By Lucy Osborn MACN
This column, The Scrubs that Fit, is all about the highs and lows of being a junior nurse, from the perspective of an ACN Emerging Nurse Leader. The aim of these blog posts is to help ease the transition from university to grad years and beyond. Find Lucy on ACN’s neo and on Instagram @aussie_nurses.
Your first day as a nurse has arrived. It’s all you’ve been thinking about since you found out your application was successful. The following tips are some down to earth advice on what you do and do not need to buy and put together as you travel into the exciting world of nursing, based on my personal experience.
Shoes are going to be your saving grace, you need comfortable supportive footwear. Check your hospital’s policy as some are stricter than others and if in doubt go with the strictest rule. Generally, most places will like black, leather or strong material, waterproof/resistant and no slip. In saying this I currently wear runners to work as I’m not showering patients or exposed to fluids, but never the less I still have a pair of workplace safe shoes at home that I whip out when I need to. The most important thing is that they are comfortable.
Has your workplace contacted you about uniforms? In my graduate year we had to organise our own fittings at the uniform shop. Two sets were free and any extra pieces we wanted we’d pay for. At my current workplace there is a no uniform policy so I can wear free clothes or scrubs. I tend to wear scrubs to keep my home clothes free; this is at my expense but its tax deductible. Have a look at what’s required from where you can start work. If you are looking at acasual pool or agency position, it’s not a bad idea to grab some plain navy scrubs to have handy.
It’s probably my favourite fashion statement. Get yourself a good lunch box, mine has different compartments and it encourages me to bring a diverse range of snacks and food. It also stops me from buying food when at work. This is my current lunch box that I got from Nurses only Club.
Drink bottle and KeepCup
Drink bottles are your second best friend. Have a big and sturdy one to encourage you to drink throughout the day. I have a 1.25L bottle and I always try and finish it within my shift. Also coming in second is my fashionable keep cup. Please don’t go buying ultra-expensive keep cups, because they like to go walkabouts. Just find one you like and that does the job. I’ve currently got a frank Greene, keeps it warm and has my initials on it. ACN have great coffee cups too!

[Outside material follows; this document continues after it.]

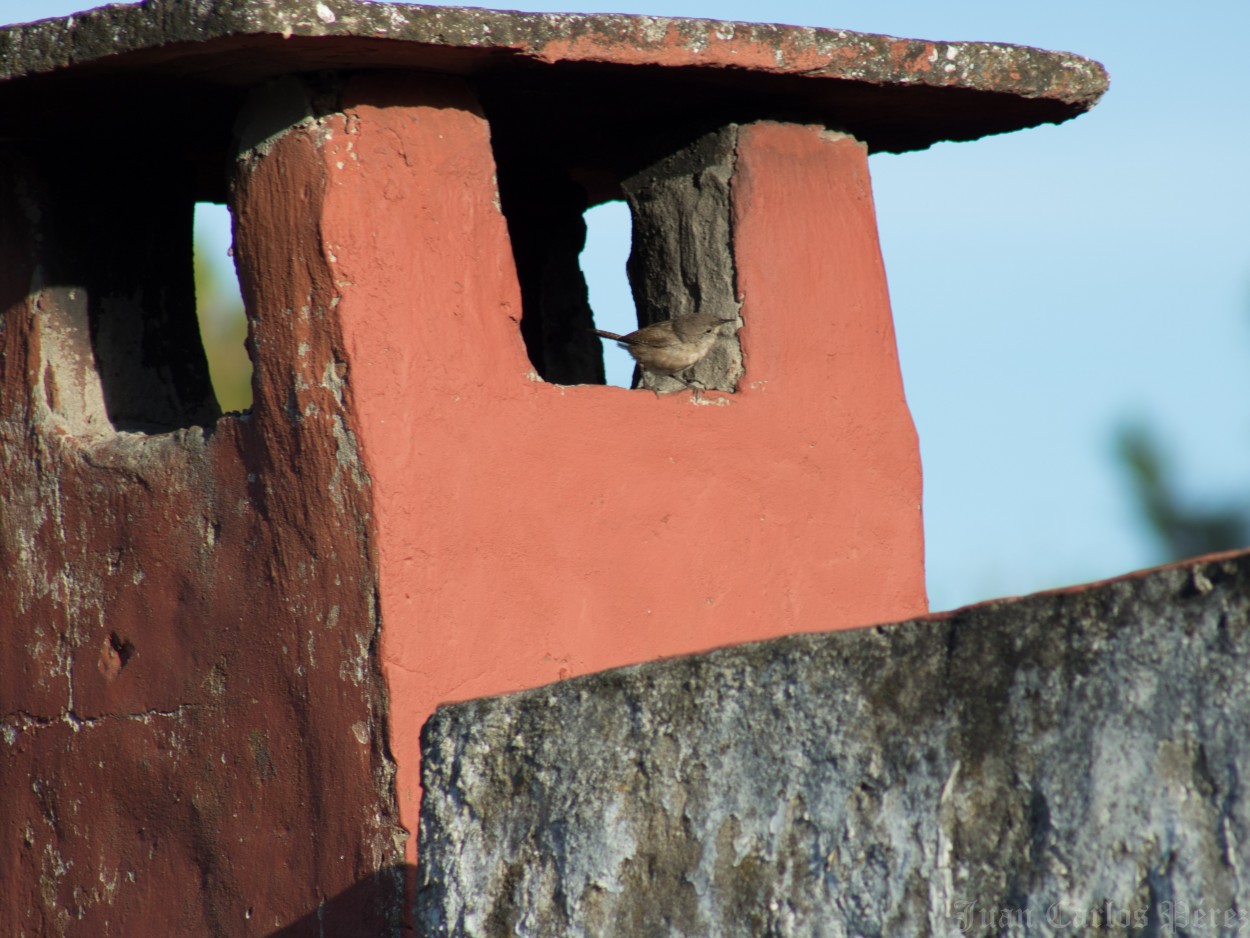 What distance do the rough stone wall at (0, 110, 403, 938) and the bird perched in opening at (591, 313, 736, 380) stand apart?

Do you need your own? Sometimes yes, most of the time no. I was lucky enough to be gifted a stethoscope as my graduation present from my family. But to be honest I didn’t use it in my first rotation (surgical), I just used the shared one. But when I started in emergency I found myself using it every 15 minutes so decided to bring in my own. Some departments do not allow you to use your own for infection control reasons —it’s an expensive thing to buy, so wait and see if you need it first.

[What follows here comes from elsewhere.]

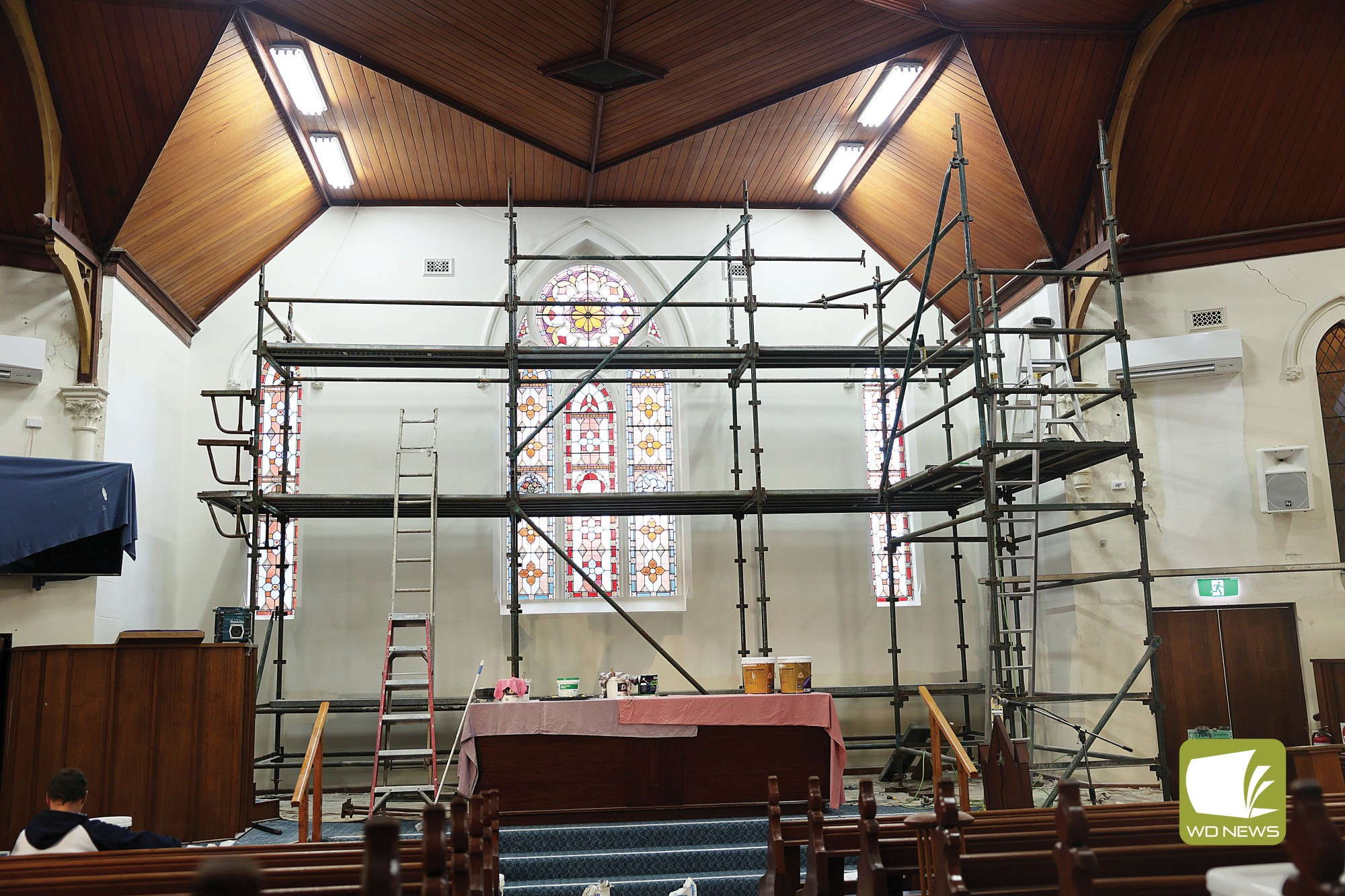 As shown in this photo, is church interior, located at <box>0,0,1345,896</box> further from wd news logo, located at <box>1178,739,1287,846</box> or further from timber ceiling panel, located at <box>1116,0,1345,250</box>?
wd news logo, located at <box>1178,739,1287,846</box>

Sorry everyone, but I’m anti bum bags. Where I work I can’t imagine the type of germs it would gather. I don’t even wear my scrubs two days in a row, let alone reuse something I touch whilst touching a patient. I totally can understand how they are useful and I’m sure there are places where they are. But sorry guys this one is not for me.
Usually your workplace will give you one of these with your ID card, but if you are looking for a way to show your character, grab your self an FOB. Stalls at conferences and expos usually give these out!
Pens and stationery
ONLY BUY A PEN IF YOU ARE HAPPY FOR IT TO GET LOST! I can barely keep a pen for one day at a time, so best just to use the ones provided by your work place.
The most underutilized tool in nursing; a pocket size note pad is a great asset as you can write down things that you are unsure of as they happen. I have many senior nursing friends who still use these and they’re fantastic. You can find cheap ones from places like Officeworks.
At the end of the day, you will learn what you need as you find your feet as a nurse. My takeaway message is not to spend too much money on things before you start.